Due Tuesday, April 29 at 11:59 PM via Blackboard. PDF format required. Late assignments penalized 10% per day.
Assignment 2
Write a constraint satisfaction problem solver to solve sudoku puzzles
of varying size (see the link for the rules if you're unfamiliar with sudoku puzzles).
The goal is to obtain a performance comparison of various CSP strategies.
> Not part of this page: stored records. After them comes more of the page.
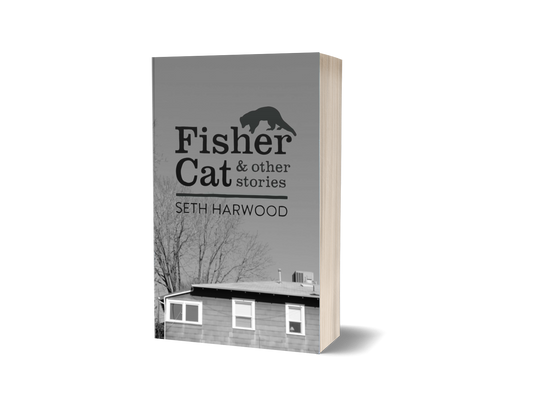 Fisher Cat and other stories - Paperback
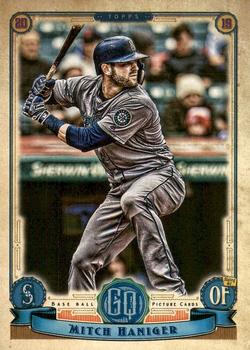 2019 Topps Gypsy Queen #143 Mitch Haniger Front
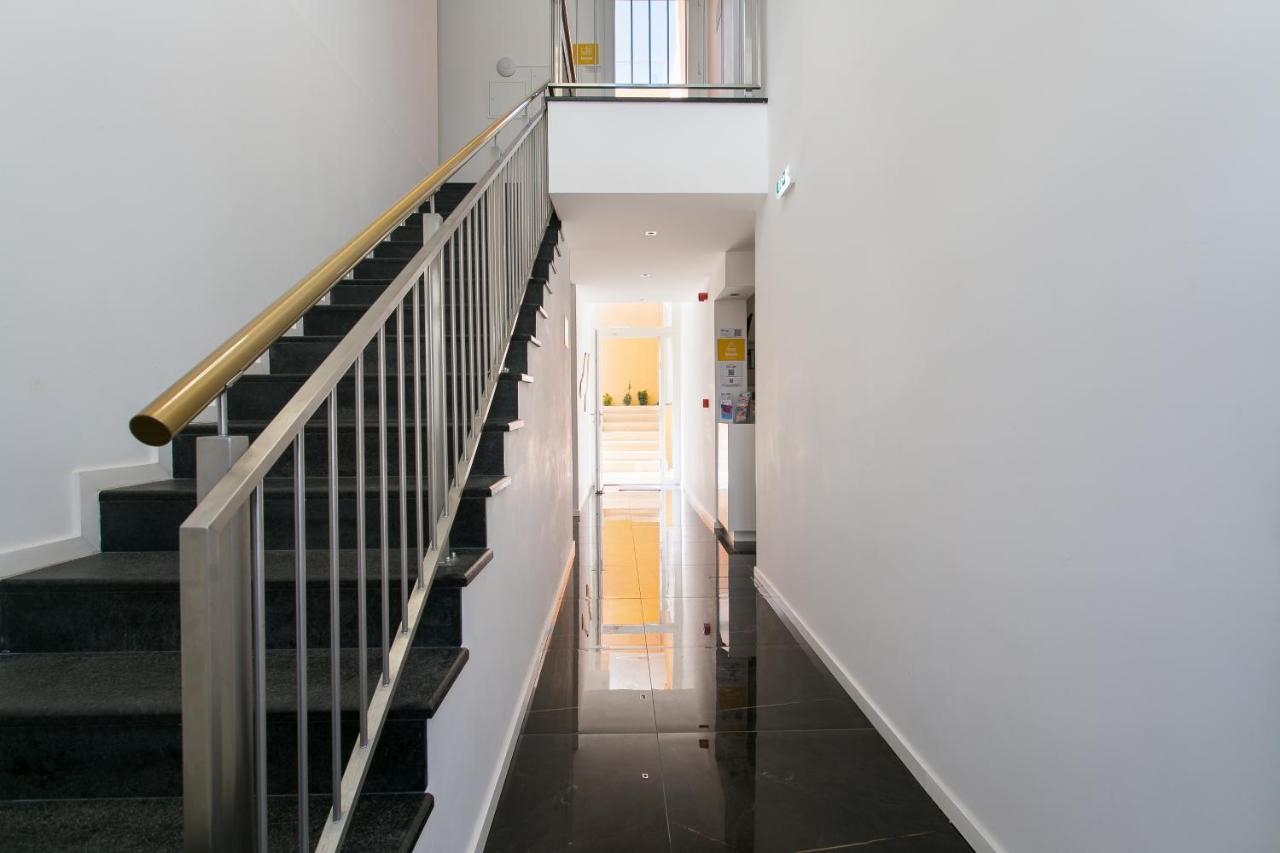 Casa Amarela Guesthouse Албуфейра Екстериор снимка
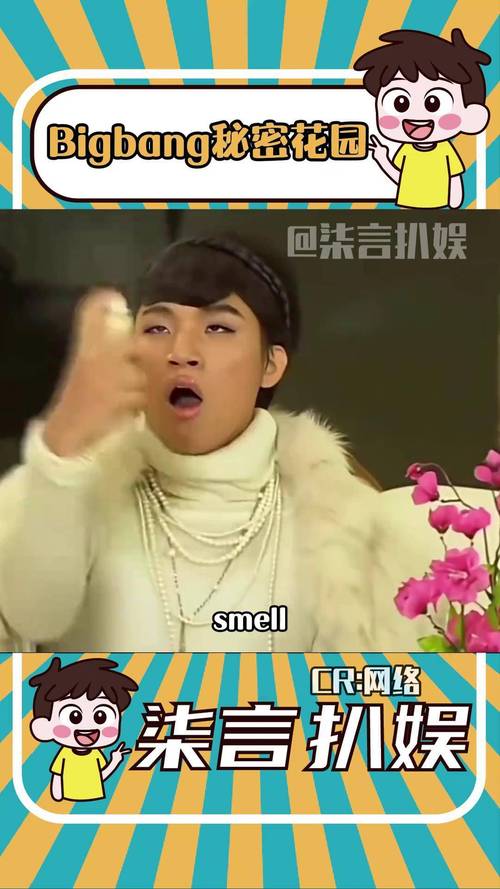 Bigbang成员女装照片，为何能成经典回忆杀？-图3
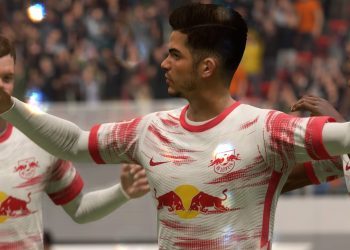FIFA 22 How to always keep the overview in the attack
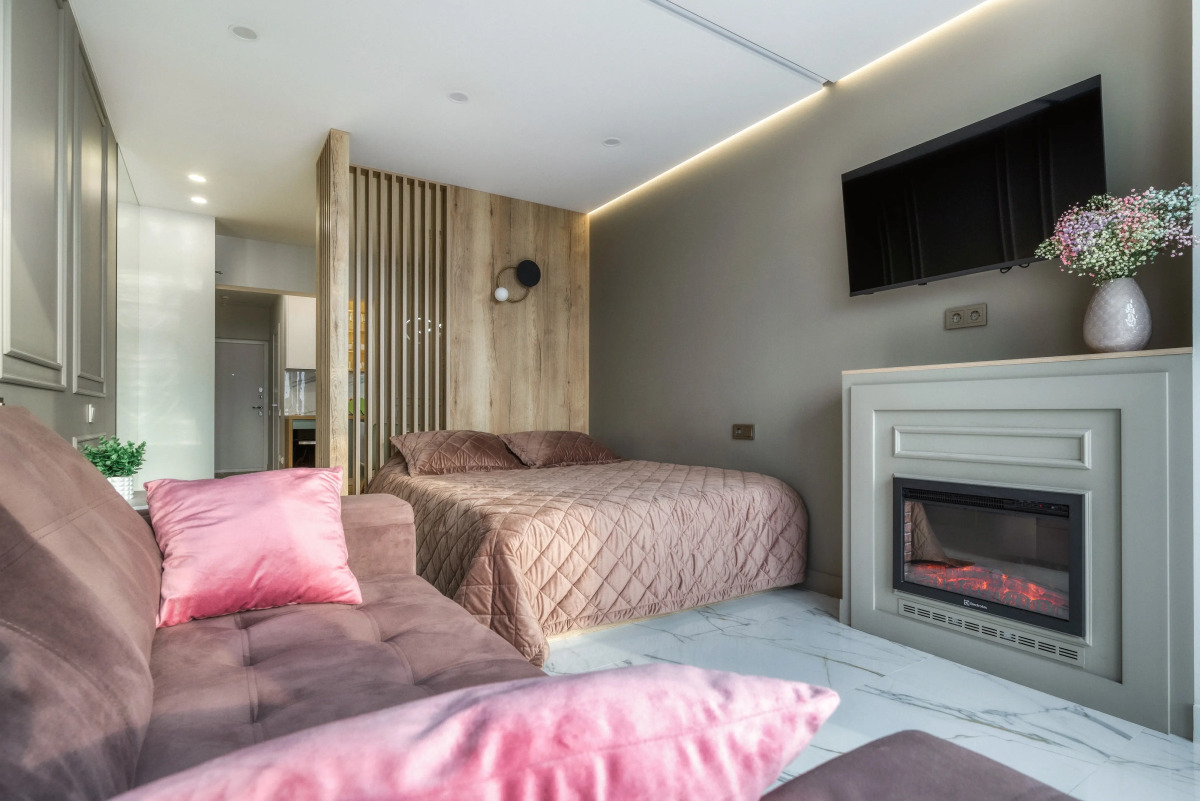 Апартаменты бизнес класса ЖК Морская Симфония 2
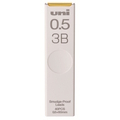  UNI 3B Pencil Lead UL-S-05-40-3B, 0.5mm 40's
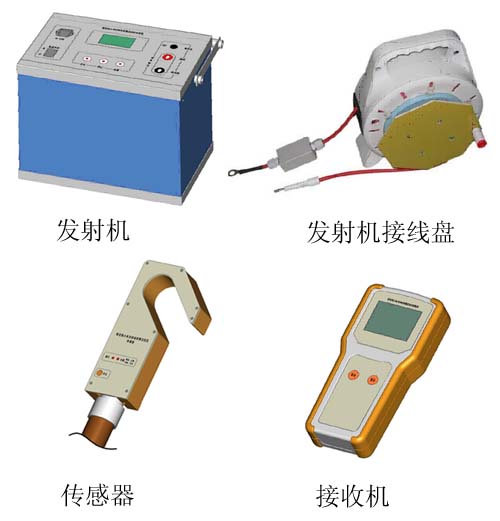 小电流接地故障定位仪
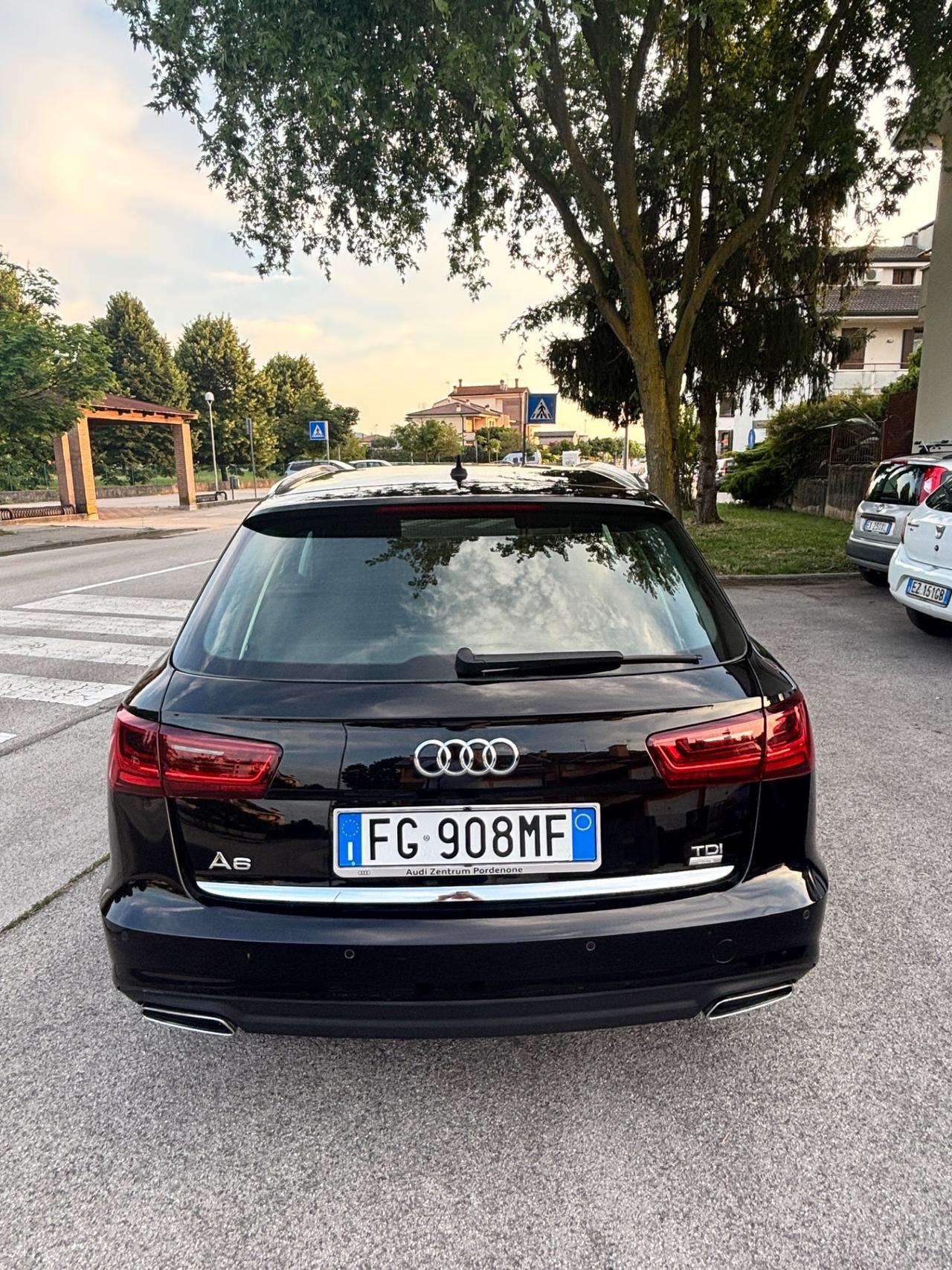 Audi A6 2.0 TDI 190 CV ultra Business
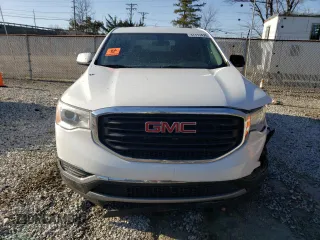 2017 GMC Acadia SLE with VIN 1GKKNKLA3HZ204930, listed as a Copart auction lot 47773425 with 146,247 mi miles and Salvage Title. Bid and sale history available at DreamBid. Image 5.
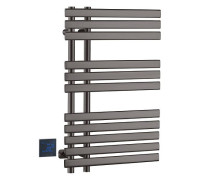 Полотенцесушитель электрический Boheme 50x11.8x80 см gun metal 723-GM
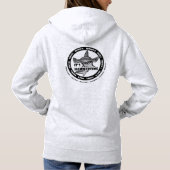 6U Hammerhead Spring 2022 T-Shirt (Achterkant)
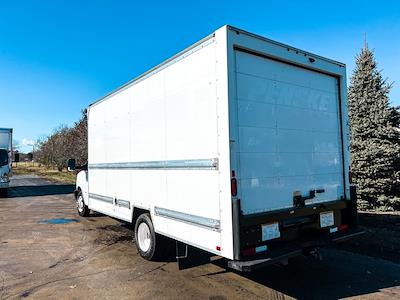 Used 2019 GMC Savana 3500 4x2, Box Van for sale #17850 - photo 2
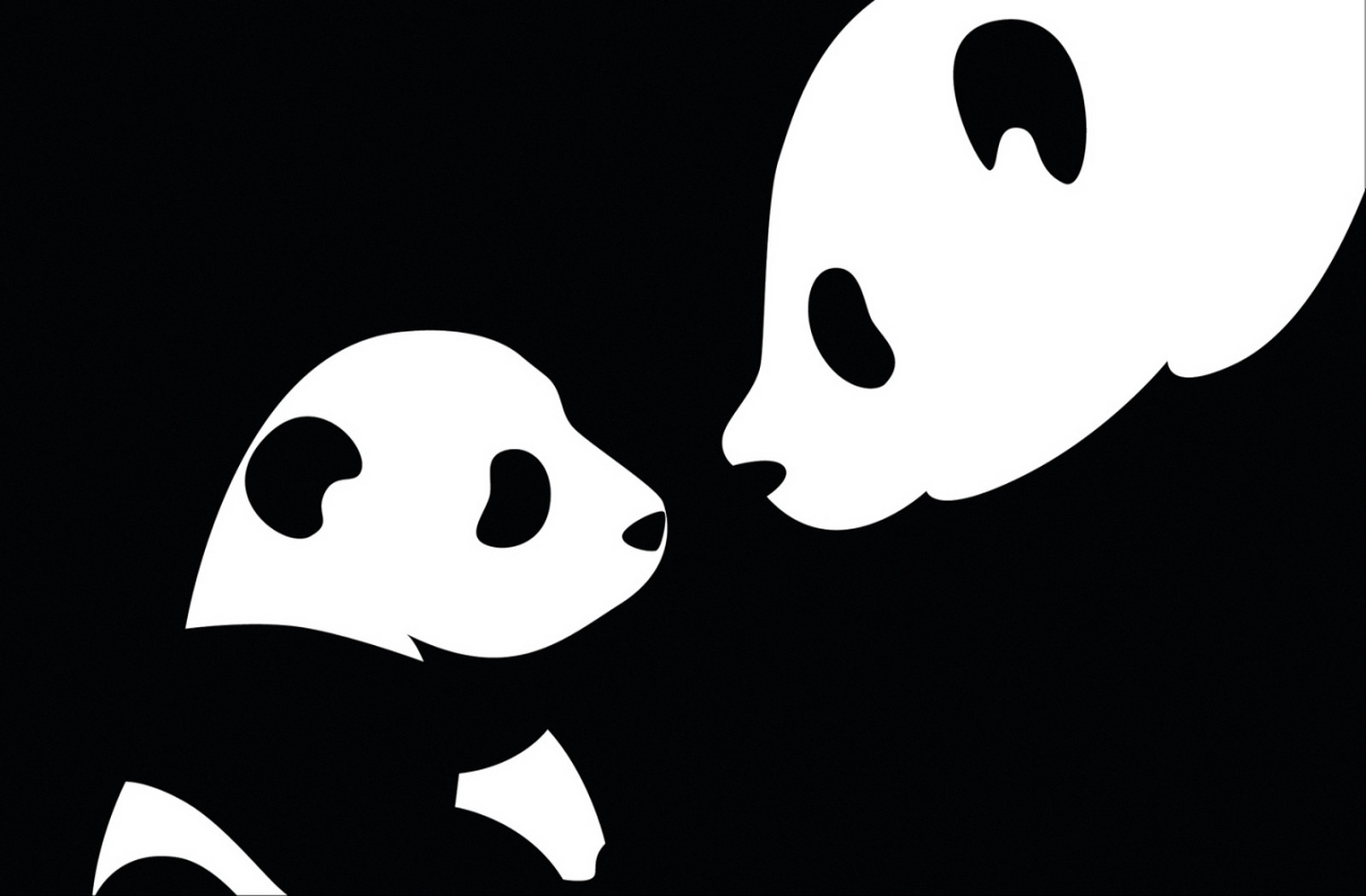 1600x1050 Download Panda wallpaper for mobile phone, free Panda HD picture, Desktop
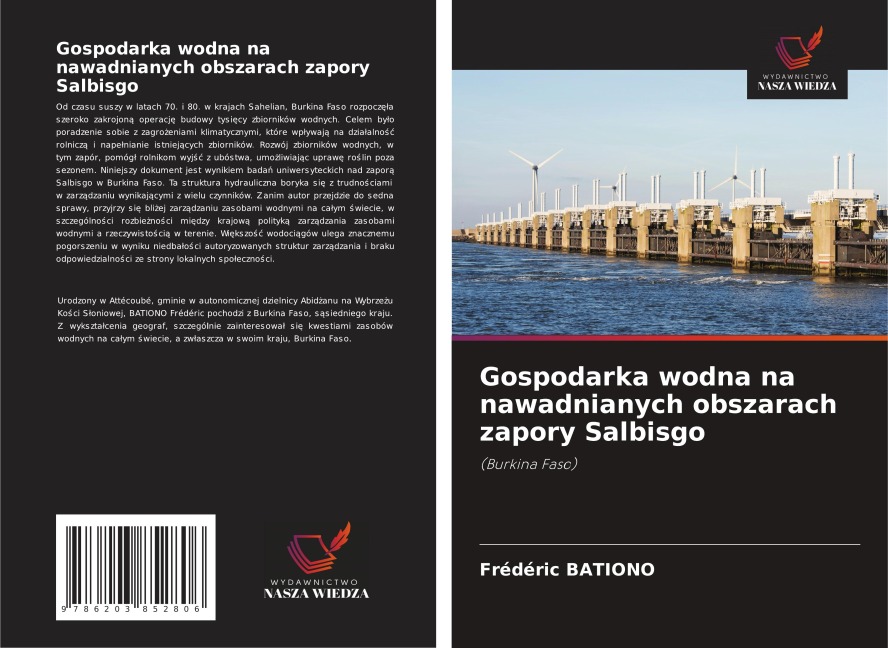 Gospodarka wodna na nawadnianych obszarach zapory Salbisgo - Frédéric Bationo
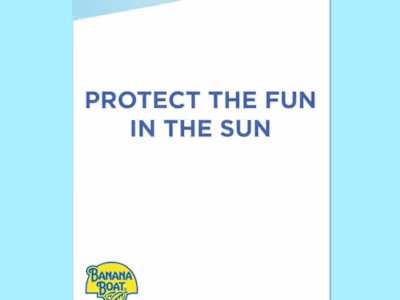 Banana Boad advertisement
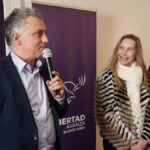 Sebastián Pareja afirmó que Diego Santilli se encamina a ser candidato a gobernador en 2027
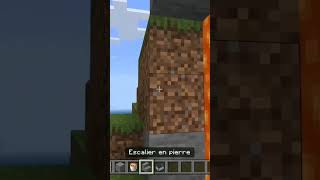 La meilleure cachette pour les diamants minecraft diamant cachette [upl. by Eneryc]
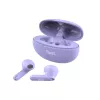 Trust Yavi Peakomplekt True Wireless Stereo (TWS) Kõrvasisene Kõned/Muusika USB USB-C Bluetooth Lilla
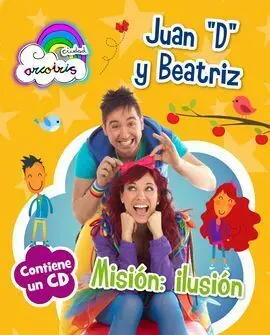 Ciudad Arcoiris (Con Cd)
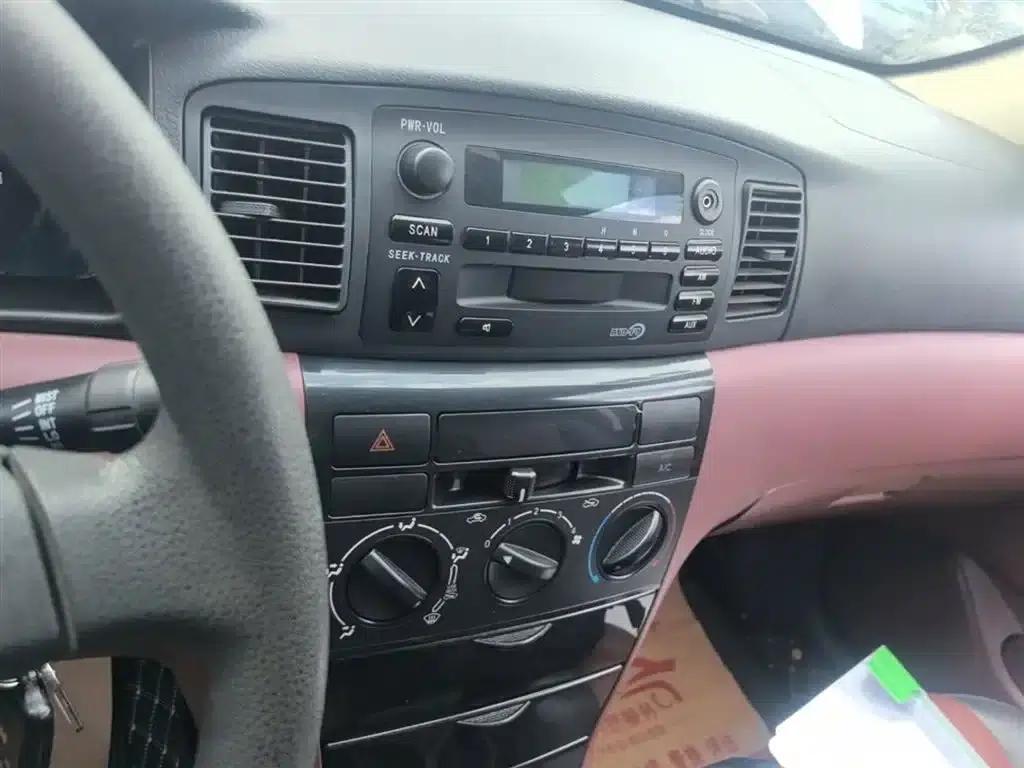 BYD F3 2018 1.5L Manual Classic Edition — миниатюра 13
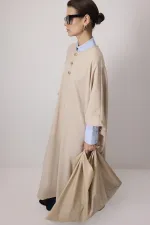 YARASA KOL KREP ELBİSE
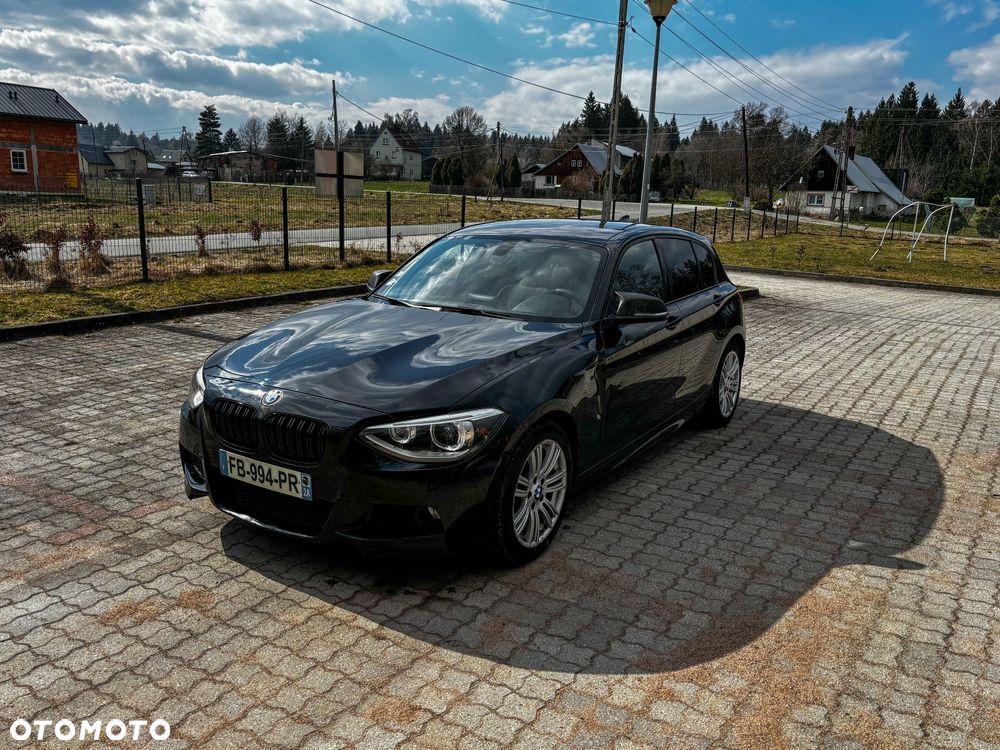 BMW Seria 1 116d DPF Edition Sport - 1
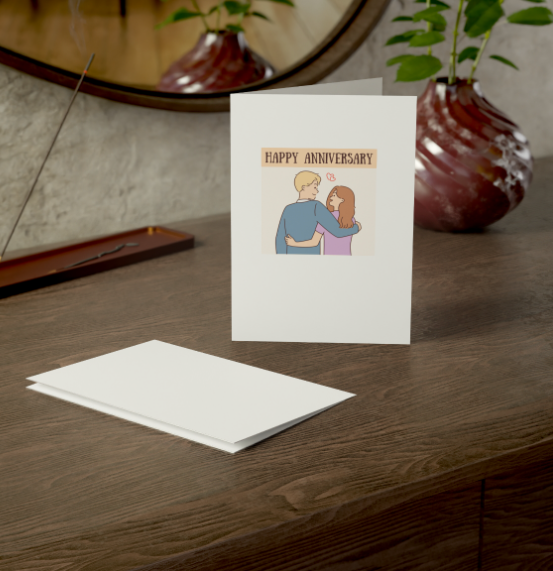 Happy Anniversary Greeting Cards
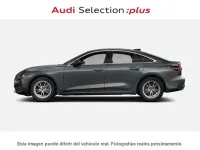 Usado Audi A5 S-Line 150 CV (110 kW) 2024 Gris Berlina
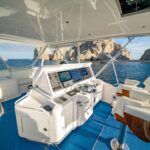 CLOUD NINE is a Bertram 570 Yacht For Sale in Cabo San Lucas-17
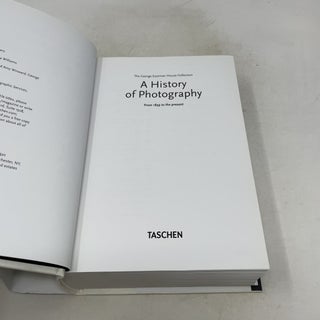 A History of Photography: From 1839 to the Present (Bibliotheca Universalis)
The input to the solver is a Sudoku board, and the output should be a complete solution, along with the
number of consistency checks utilized (for this assignment, this is equal to the number of
variable assignments your code makes).
Starter Code
We've supplied basic starter code for representing a board, and reading the puzzles from the input files
you'll use for the assignment.
Python Starter Code
The python starter code includes the following functions:
- To create a SudokuBoard object initialized with values from a file, use
sb = init_board("filename.extension")
- to create a SudokuBoard object initialized with specific values, use the command
sb = SudokuBoard(size, board_array)
- to create a new SudokuBoard which is the same as an existing board, but with one more number played, use the following
sbA = sb.set_value(row,col,value)
where #row and col are 0 indexed
C++ Starter Code
The C++ starter code includes the following key functions:
- To create a Board object of a certain size, use
Board * b = new Board(size);
- to a board with values from a file, use the command
Board * b = Board::fromFile(fileName)
- to change a Board to play a number at a given row and column, use the following
b.set_square_value(row,col,value)
where #row and col are 1 indexed(!).
- to get a square value, use:
int sq = b.get_square_value(row,col)
where where #row and col are 1 indexed.
- to represent a board as a string for output, use:
string boardStr = b.toString()
Input Puzzles
We've supplied specific input puzzles you'll use for this assignment (thanks to Stef
Schoenmackers of decide.com for these). Functions for reading the boards from files are included in the
sample code, but for completeness the files have the following format:
<board_size> - (board size will be 4, 9, 16, or 25)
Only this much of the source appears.